TLCBET
- Company type: Private Limited
- Website type: Online gambling
- Available in: Multilingual
- Founded: 2010
- Area served: International
- Industry: Gambling
- Products: Sports betting, Online casino, Online Slot Game, Keno
- Website: www.tlcbet.co.uk

= Tlcbet =

Online gambling company based in the Philippines

TLCBET [tóng.lè.chéng] (formerly known as TLC88 and TLC188) is a Philippines-based online gambling company founded in 2010. TLCBET offers up to 4,000 in-running games every month.

==Licensing==
TLCBET's gaming license is from FCLRC (First Cagayan Leisure and Resort Corporation).
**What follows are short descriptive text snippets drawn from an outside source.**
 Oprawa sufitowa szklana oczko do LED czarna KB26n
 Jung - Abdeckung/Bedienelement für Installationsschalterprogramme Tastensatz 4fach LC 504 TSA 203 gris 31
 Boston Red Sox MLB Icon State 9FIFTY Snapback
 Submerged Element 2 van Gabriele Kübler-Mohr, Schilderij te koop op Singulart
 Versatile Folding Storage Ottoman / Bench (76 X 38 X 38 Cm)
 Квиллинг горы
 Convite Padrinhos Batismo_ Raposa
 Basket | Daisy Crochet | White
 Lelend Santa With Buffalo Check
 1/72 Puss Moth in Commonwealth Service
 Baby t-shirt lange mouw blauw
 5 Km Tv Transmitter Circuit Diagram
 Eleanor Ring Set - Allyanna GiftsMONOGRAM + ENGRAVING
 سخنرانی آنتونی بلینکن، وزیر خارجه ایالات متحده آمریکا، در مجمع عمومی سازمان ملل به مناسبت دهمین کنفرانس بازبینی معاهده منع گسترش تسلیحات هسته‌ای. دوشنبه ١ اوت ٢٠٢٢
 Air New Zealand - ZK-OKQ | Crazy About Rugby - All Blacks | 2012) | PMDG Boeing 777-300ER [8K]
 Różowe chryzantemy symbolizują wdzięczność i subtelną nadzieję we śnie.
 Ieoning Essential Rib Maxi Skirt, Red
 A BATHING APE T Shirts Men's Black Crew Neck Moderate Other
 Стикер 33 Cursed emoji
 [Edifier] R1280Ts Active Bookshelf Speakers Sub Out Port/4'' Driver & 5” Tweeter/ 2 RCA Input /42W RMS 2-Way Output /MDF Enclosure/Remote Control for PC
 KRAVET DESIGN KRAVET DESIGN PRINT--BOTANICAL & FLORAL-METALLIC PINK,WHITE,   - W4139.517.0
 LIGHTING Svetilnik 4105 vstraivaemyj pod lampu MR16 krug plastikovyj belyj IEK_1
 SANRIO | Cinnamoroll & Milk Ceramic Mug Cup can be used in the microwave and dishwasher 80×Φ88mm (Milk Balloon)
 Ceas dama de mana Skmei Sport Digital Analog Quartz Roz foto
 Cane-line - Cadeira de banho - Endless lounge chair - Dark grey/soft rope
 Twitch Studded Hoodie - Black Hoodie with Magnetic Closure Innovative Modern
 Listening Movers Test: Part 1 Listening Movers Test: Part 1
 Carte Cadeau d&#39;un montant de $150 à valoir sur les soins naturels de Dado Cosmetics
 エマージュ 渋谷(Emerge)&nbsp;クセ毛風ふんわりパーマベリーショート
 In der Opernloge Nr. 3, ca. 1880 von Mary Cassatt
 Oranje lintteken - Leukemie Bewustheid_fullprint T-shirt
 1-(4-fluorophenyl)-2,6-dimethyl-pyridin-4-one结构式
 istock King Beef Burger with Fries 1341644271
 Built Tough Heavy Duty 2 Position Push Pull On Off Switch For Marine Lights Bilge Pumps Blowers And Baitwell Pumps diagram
The products and services in TLCBET are licensed and regulated by the Master Licensor and Regulator of the Cagayan Special Economic Zone and the Free-port (CSEZFP) interactive gaming jurisdiction.

==Sponsorships==
TLCBET has sponsored football clubs in the English Premier League such as Sunderland A.F.C, West Bromwich Albion F.C., Southampton F.C., Middlesbrough F.C. .

Sunderland A.F.C.

Sunderland A.F.C. signed a new sponsorship deal with TLCBET to become the club's “Official Asian Betting and Gaming Partner” on 16 October 2012. Sunderland A.F.C. announced a three-year extension with TLCBET on 5 June 2014. This deal ended 31 May 2015 with mutual contract agreement. Sunderland A.F.C. has won six top-flight titles, two FA Cup, and an FA Community Shield.

West Bromwich Albion F.C.

TLCBET signed as West Bromwich Albion F.C.'s “Platinum Gaming Partner” on 15 August 2013, which ended on 31 May 2014 with mutual contract agreement. They signed with the team once again as a principal partner for the 2015–16 Premier League season. Among West Bromwich Albion F.C.’s achievements include being champions of England once, winning five FA Cups and a Football League Cup.

Southampton F.C.

In April 2017, TLCBET signed a contract with Southampton F.C. to become the club's “Official Asia Betting Partner and Official Global Casino Partner” for the remainder of the 2016–17 season, to be followed by two whole seasons. Southampton F.C. has won an FA Cup and earned second place in the First Division in 1983–84.

Middlesbrough F.C.

TLCBET signed as the “Official Gaming Partner” of 2004 League Cup champions, Middlesbrough F.C. for the 2016–17 Premier League season.